| RECORDS SUPPLIED |
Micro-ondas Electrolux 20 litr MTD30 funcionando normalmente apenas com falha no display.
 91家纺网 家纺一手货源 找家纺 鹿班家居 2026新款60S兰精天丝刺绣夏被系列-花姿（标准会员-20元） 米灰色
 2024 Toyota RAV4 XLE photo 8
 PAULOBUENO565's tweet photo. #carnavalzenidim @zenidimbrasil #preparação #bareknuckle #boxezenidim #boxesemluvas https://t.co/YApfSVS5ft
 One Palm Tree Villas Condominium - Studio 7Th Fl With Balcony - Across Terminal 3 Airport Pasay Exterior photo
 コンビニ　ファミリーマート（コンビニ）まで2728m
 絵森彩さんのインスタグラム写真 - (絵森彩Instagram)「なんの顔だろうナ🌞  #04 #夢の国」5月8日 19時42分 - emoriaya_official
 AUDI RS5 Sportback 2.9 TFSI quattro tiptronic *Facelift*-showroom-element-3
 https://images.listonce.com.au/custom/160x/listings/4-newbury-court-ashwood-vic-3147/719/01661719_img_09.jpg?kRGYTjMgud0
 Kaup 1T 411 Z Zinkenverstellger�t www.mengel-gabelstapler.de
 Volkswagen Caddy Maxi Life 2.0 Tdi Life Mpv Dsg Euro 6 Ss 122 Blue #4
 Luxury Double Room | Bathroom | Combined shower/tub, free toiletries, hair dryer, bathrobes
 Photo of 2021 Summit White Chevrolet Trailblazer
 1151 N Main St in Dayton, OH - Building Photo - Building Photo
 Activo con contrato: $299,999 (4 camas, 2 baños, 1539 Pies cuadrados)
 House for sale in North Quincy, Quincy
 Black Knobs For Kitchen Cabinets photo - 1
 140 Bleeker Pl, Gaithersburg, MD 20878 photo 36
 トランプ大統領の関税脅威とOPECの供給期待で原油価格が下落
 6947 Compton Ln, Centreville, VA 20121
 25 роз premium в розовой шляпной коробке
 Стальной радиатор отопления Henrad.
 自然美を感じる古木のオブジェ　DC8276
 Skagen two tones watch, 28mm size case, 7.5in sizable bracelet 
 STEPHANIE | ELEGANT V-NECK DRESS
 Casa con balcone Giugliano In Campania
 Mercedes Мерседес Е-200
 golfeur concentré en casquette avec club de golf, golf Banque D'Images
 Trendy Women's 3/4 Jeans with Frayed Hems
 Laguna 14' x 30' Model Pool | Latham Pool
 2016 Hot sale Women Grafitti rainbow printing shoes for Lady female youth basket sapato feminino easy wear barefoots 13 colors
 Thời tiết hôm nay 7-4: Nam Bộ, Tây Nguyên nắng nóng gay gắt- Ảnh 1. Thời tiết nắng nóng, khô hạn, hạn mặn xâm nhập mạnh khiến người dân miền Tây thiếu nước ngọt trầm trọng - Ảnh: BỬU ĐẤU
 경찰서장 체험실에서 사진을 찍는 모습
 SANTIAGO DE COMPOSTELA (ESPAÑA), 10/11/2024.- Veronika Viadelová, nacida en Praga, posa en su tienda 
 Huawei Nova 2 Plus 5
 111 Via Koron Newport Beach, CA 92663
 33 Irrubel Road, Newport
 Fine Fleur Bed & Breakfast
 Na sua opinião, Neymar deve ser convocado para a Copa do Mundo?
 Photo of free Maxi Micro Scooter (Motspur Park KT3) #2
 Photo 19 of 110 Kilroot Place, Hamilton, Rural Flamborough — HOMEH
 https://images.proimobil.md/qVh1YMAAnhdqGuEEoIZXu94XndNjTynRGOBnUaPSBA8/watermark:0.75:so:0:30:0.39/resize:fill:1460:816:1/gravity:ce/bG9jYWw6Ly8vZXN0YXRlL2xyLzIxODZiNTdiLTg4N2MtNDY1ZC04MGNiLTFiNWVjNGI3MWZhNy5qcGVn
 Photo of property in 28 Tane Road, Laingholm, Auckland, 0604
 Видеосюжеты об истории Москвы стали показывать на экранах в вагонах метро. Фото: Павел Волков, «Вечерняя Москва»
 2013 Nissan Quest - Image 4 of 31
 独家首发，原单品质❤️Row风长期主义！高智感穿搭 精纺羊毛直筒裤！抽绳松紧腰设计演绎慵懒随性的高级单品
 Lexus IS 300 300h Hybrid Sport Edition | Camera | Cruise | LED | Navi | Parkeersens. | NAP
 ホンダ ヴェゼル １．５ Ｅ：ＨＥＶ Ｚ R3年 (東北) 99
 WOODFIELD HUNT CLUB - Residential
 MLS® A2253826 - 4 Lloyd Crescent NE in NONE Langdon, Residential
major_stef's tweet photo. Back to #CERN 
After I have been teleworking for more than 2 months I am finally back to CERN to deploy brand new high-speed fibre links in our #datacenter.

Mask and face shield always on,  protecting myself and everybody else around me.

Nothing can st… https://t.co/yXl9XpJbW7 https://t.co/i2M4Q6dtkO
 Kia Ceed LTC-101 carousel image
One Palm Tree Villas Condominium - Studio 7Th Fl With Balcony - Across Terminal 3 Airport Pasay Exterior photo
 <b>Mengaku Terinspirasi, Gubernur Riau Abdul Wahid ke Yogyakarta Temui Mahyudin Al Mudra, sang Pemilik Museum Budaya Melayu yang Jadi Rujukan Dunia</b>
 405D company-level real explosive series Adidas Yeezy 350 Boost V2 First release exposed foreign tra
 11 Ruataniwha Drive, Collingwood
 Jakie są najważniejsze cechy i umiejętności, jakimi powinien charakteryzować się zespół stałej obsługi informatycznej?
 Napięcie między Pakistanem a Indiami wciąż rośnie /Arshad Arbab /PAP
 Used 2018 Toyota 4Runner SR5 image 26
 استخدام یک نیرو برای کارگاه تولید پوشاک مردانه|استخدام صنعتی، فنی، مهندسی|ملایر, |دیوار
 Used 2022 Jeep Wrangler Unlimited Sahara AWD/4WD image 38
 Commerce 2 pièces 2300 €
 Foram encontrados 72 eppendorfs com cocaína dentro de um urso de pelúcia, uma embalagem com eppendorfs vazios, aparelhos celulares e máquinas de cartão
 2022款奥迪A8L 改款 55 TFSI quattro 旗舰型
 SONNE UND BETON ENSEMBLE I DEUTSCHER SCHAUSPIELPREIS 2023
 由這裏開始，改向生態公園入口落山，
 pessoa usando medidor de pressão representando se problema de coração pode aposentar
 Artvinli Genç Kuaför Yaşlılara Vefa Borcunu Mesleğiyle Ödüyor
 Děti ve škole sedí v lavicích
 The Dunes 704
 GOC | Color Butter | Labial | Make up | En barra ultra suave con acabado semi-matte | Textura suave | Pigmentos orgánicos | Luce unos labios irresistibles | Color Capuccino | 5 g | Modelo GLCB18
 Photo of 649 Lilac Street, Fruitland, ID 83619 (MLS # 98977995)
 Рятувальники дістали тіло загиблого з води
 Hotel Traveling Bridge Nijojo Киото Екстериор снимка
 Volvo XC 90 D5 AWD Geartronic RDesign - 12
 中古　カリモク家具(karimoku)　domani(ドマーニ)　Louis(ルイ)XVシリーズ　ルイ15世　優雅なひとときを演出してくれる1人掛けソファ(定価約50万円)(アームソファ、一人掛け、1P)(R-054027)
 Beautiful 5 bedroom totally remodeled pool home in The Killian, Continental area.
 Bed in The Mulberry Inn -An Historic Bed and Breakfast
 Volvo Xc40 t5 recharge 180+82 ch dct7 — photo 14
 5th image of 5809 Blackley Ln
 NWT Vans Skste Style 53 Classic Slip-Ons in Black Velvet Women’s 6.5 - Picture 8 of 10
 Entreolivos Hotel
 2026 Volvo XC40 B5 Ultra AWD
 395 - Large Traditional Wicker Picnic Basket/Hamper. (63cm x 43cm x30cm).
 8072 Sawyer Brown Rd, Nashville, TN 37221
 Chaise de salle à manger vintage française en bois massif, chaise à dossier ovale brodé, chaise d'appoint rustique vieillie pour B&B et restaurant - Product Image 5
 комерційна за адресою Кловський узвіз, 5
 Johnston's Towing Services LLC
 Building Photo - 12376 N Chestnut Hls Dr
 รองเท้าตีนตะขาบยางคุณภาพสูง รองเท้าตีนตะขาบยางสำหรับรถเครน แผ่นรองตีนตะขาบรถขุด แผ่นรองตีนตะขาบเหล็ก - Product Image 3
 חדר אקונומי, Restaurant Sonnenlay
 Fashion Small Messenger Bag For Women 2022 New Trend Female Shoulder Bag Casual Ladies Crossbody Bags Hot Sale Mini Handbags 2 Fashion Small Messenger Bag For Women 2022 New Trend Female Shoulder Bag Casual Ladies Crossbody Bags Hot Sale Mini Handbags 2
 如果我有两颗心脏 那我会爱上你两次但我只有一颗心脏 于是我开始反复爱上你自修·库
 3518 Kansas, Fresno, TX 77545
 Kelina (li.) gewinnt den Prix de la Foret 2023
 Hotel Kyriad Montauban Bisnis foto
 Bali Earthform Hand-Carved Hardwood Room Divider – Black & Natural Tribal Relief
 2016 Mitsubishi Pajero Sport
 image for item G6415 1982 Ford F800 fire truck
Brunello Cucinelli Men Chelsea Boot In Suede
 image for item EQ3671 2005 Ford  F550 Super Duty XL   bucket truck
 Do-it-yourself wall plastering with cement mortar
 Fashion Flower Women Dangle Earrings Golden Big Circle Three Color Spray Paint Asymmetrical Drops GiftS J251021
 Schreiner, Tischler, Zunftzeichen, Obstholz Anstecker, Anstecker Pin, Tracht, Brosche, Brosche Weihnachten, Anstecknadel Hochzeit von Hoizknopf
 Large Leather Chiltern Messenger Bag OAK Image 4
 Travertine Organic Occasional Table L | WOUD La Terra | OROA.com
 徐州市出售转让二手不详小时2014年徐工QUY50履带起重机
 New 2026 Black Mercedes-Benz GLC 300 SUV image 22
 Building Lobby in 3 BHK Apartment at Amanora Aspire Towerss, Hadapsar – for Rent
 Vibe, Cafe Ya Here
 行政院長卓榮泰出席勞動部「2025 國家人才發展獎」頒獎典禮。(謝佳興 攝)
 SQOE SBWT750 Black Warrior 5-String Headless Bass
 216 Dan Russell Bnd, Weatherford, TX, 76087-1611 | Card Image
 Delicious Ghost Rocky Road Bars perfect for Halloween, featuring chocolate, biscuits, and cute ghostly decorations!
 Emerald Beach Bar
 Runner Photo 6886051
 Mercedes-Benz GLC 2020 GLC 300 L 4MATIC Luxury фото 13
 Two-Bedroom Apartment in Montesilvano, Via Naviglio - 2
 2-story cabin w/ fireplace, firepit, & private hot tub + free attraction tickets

| ASSIGNED TASK |
An exact copy of the lines above, from the one containing "Na sua opinião, Neymar" through the one containing "Photo of property", is the whole of the answer.

| SOLUTION |
 Na sua opinião, Neymar deve ser convocado para a Copa do Mundo?
 Photo of free Maxi Micro Scooter (Motspur Park KT3) #2
 Photo 19 of 110 Kilroot Place, Hamilton, Rural Flamborough — HOMEH
 https://images.proimobil.md/qVh1YMAAnhdqGuEEoIZXu94XndNjTynRGOBnUaPSBA8/watermark:0.75:so:0:30:0.39/resize:fill:1460:816:1/gravity:ce/bG9jYWw6Ly8vZXN0YXRlL2xyLzIxODZiNTdiLTg4N2MtNDY1ZC04MGNiLTFiNWVjNGI3MWZhNy5qcGVn
 Photo of property in 28 Tane Road, Laingholm, Auckland, 0604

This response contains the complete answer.